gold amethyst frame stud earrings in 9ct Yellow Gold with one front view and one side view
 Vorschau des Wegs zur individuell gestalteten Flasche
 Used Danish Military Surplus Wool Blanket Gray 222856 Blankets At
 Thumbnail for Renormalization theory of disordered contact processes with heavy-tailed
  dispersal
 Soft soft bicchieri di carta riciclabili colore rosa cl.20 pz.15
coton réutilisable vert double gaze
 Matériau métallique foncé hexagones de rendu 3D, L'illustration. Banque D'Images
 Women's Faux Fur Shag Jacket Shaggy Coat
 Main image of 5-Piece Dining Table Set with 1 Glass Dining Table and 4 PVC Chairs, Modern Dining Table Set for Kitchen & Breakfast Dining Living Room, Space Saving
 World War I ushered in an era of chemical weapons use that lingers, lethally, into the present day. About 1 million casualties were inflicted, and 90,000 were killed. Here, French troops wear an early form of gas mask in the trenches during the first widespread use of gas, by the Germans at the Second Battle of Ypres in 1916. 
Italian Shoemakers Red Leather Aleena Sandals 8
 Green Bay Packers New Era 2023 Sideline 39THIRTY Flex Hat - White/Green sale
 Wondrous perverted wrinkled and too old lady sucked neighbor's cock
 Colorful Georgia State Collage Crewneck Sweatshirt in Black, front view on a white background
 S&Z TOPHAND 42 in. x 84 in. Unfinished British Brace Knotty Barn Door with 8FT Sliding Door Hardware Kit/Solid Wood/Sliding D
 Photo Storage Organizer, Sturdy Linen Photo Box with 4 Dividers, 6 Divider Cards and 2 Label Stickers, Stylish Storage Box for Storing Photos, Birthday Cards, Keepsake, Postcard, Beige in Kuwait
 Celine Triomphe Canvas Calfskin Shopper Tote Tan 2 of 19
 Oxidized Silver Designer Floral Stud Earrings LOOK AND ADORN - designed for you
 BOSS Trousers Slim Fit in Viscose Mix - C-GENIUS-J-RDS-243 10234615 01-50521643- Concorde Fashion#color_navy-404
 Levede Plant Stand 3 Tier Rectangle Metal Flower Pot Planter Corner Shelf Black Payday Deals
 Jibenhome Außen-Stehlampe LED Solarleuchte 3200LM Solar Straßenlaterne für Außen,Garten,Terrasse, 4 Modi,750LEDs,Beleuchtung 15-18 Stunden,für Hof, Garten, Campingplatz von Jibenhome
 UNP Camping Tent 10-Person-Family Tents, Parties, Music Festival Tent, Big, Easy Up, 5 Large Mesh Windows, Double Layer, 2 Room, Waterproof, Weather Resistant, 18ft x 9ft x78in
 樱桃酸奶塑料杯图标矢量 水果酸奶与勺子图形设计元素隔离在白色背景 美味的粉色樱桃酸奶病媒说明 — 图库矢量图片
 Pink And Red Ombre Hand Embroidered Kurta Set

Task item: Beginning at the first line of the records, give again each line exactly as written, ending with the line that contains "Main image of".

Task response:
gold amethyst frame stud earrings in 9ct Yellow Gold with one front view and one side view
 Vorschau des Wegs zur individuell gestalteten Flasche
 Used Danish Military Surplus Wool Blanket Gray 222856 Blankets At
 Thumbnail for Renormalization theory of disordered contact processes with heavy-tailed
  dispersal
 Soft soft bicchieri di carta riciclabili colore rosa cl.20 pz.15
coton réutilisable vert double gaze
 Matériau métallique foncé hexagones de rendu 3D, L'illustration. Banque D'Images
 Women's Faux Fur Shag Jacket Shaggy Coat
 Main image of 5-Piece Dining Table Set with 1 Glass Dining Table and 4 PVC Chairs, Modern Dining Table Set for Kitchen & Breakfast Dining Living Room, Space Saving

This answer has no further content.